Dataset entries
========================

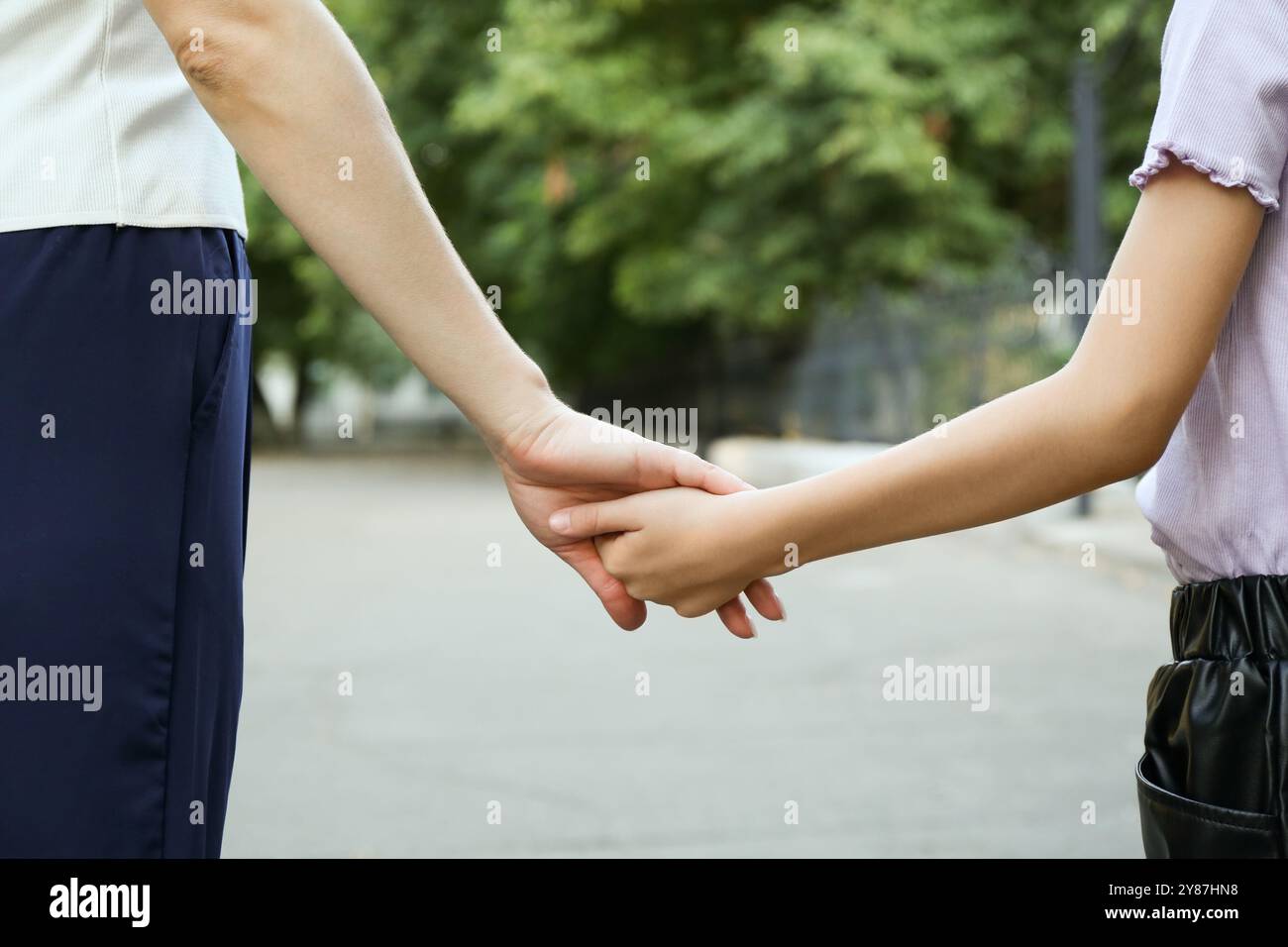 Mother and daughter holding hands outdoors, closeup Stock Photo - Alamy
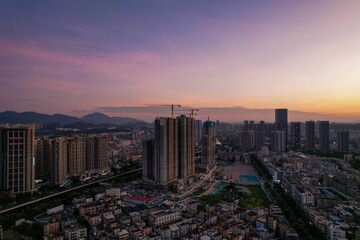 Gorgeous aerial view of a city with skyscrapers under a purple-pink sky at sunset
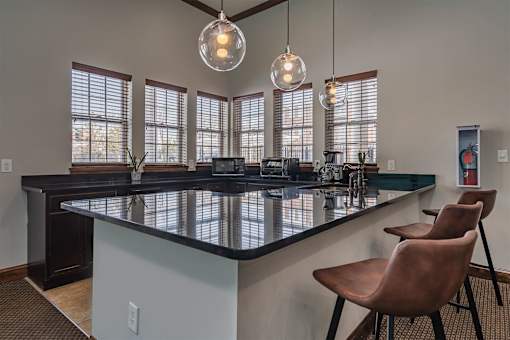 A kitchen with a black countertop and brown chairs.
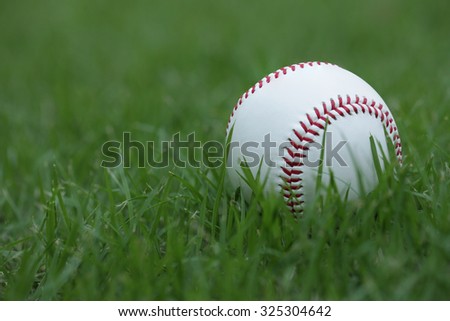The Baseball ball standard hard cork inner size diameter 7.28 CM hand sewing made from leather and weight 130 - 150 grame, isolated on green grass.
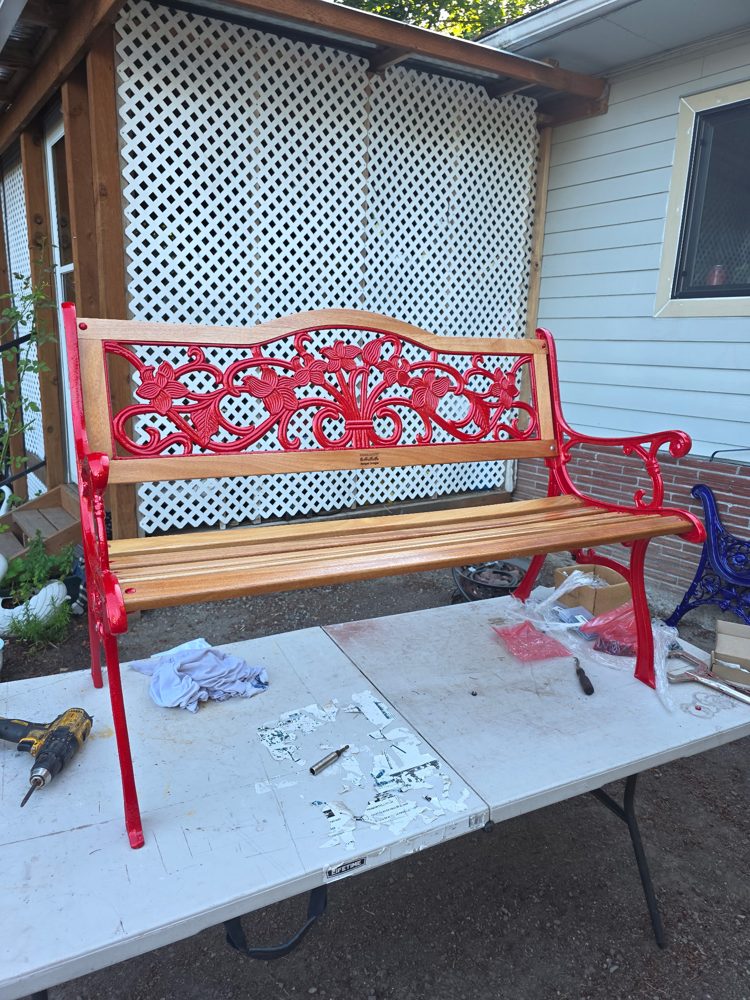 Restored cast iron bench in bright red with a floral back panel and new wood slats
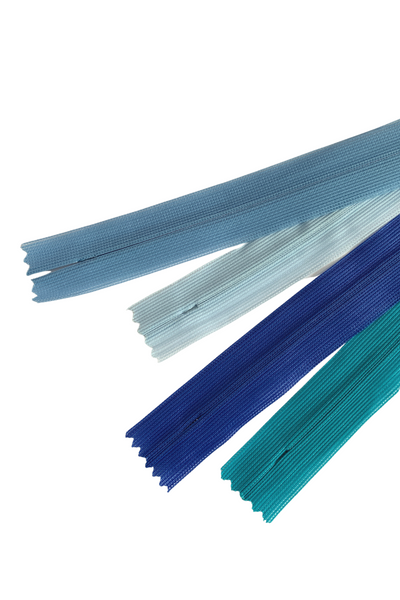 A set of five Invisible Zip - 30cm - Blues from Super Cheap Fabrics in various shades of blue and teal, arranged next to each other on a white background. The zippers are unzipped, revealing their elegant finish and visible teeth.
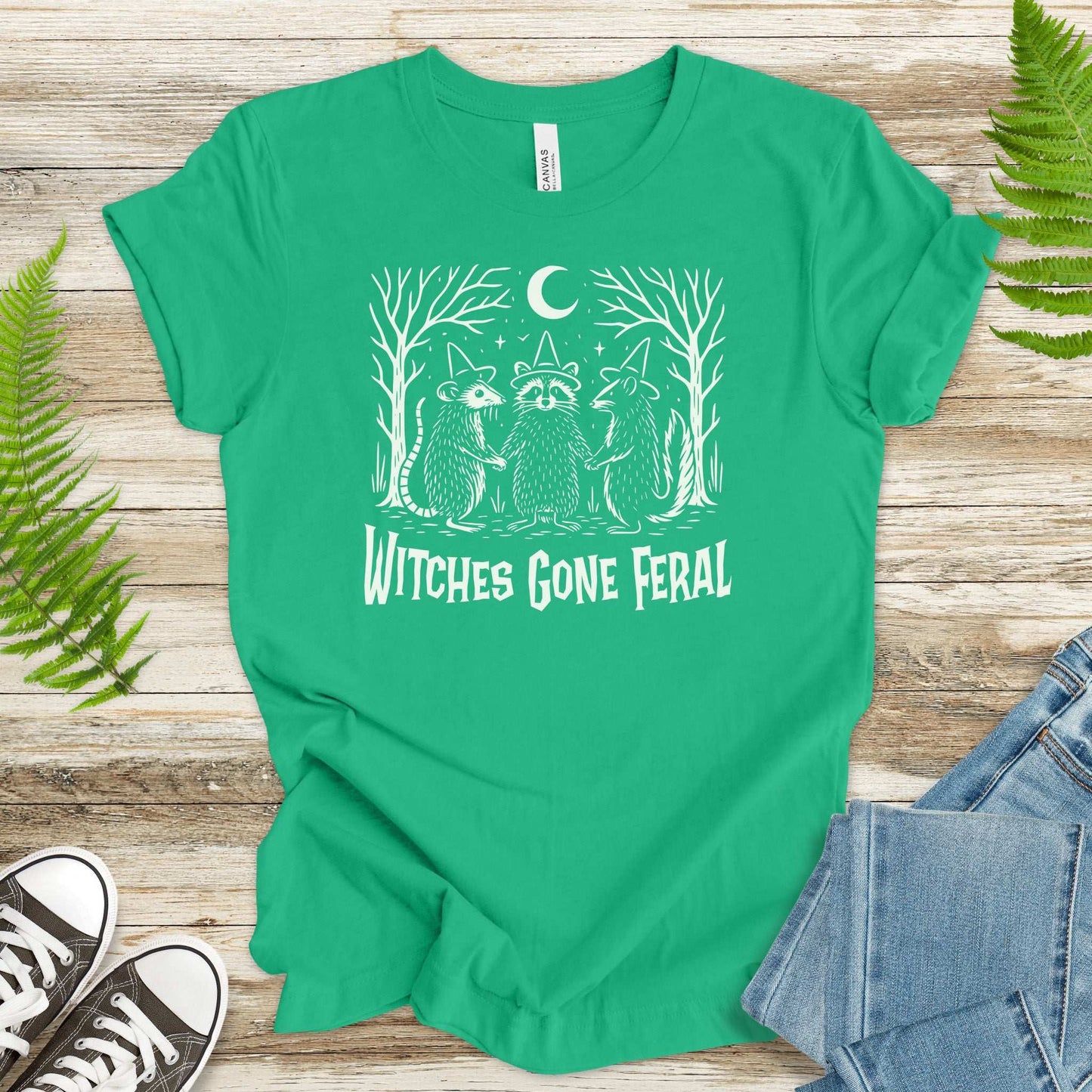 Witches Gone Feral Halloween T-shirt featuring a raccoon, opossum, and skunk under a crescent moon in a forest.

========================

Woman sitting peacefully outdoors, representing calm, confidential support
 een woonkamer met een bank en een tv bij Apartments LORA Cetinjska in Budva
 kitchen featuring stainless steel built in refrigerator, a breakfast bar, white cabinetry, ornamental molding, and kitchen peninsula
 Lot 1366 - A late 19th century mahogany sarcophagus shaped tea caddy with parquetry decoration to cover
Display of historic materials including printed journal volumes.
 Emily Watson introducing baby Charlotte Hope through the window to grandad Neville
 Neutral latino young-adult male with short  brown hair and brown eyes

========================

**Task brief**
Among the entries above, locate the line with "A kitchen with" and the line with "Witches Gone Feral". Give those two lines and all lines between them again, exactly, leaving out the pictures.

**Exercise answer**
 A kitchen with a black countertop and brown chairs.
The Baseball ball standard hard cork inner size diameter 7.28 CM hand sewing made from leather and weight 130 - 150 grame, isolated on green grass.
 Restored cast iron bench in bright red with a floral back panel and new wood slats
 A set of five Invisible Zip - 30cm - Blues from Super Cheap Fabrics in various shades of blue and teal, arranged next to each other on a white background. The zippers are unzipped, revealing their elegant finish and visible teeth.
 Witches Gone Feral Halloween T-shirt featuring a raccoon, opossum, and skunk under a crescent moon in a forest.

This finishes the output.